Levi stood back and Freddie gazed beyond him into the archway, curiously observing a garden where trees glittered like jewellery and everything danced with colours. Across it was a lattice of brilliant gold.
‘No,’ said Levi firmly. ‘You gotta go back, Freddie. Go on. Go back.’
Freddie nodded. He turned and floated back, still light as air, the man in the cream robe drifting beside him. He looked back once and saw Levi watching him, waving, then melting into the webs of light. The tingle of his feet reconnecting with the earth made him stronger, but still he couldn’t hear his footsteps. What he could hear, louder and louder, was a rushing sound in his ears, a voice speaking his name.
‘Mr Barcussy. Come on. Open your eyes.’
He came back with a jolt into the body lying on the bed. The pain had eased and his skin felt cool and soft, his body relaxed on comfortable pillows. Gradually the nurse’s face came into focus. She was smiling now, a slim glass thermometer in her hand.
‘Welcome back,’ she said. ‘We nearly lost you.’
Freddie was ill for many weeks. After George had driven his lorry all the way to Gloucester and fetched him home, he lay in bed watching and listening.

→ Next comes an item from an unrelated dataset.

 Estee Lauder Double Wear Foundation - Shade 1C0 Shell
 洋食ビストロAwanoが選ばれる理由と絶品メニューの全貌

His hearing was super sensitive and so attuned to the land beyond the town that he could hear the quack of herons passing overhead at dawn, and the unearthly sharp yelping of foxes, and in the mornings the squeak of ice being broken and crisp leaves being crunched underfoot. At nine forty-five he listened for the cattle train passing through, and the distressed cries of sheep and cows crowded together, terrified, their faces pressed to the slatted openings, their noses sniffing the fresh turfy fields where they had grazed. He felt their desperation.
Annie lumbered up and down stairs with trays of home-baked meals. She brought him a new drawing book and a pencil, but he didn’t want to draw. He just wanted to stare out at the winter sky. The clouds created curling images of faces and ferry boats, lions and angels. Strangely, the illness was a gift of time to Freddie’s artistic soul, each change of the light adding to his storehouse of ideas waiting to be carved in stone. He dreamed of carving in marble or alabaster, his fingers coaxing a smooth translucence from the rough blocks.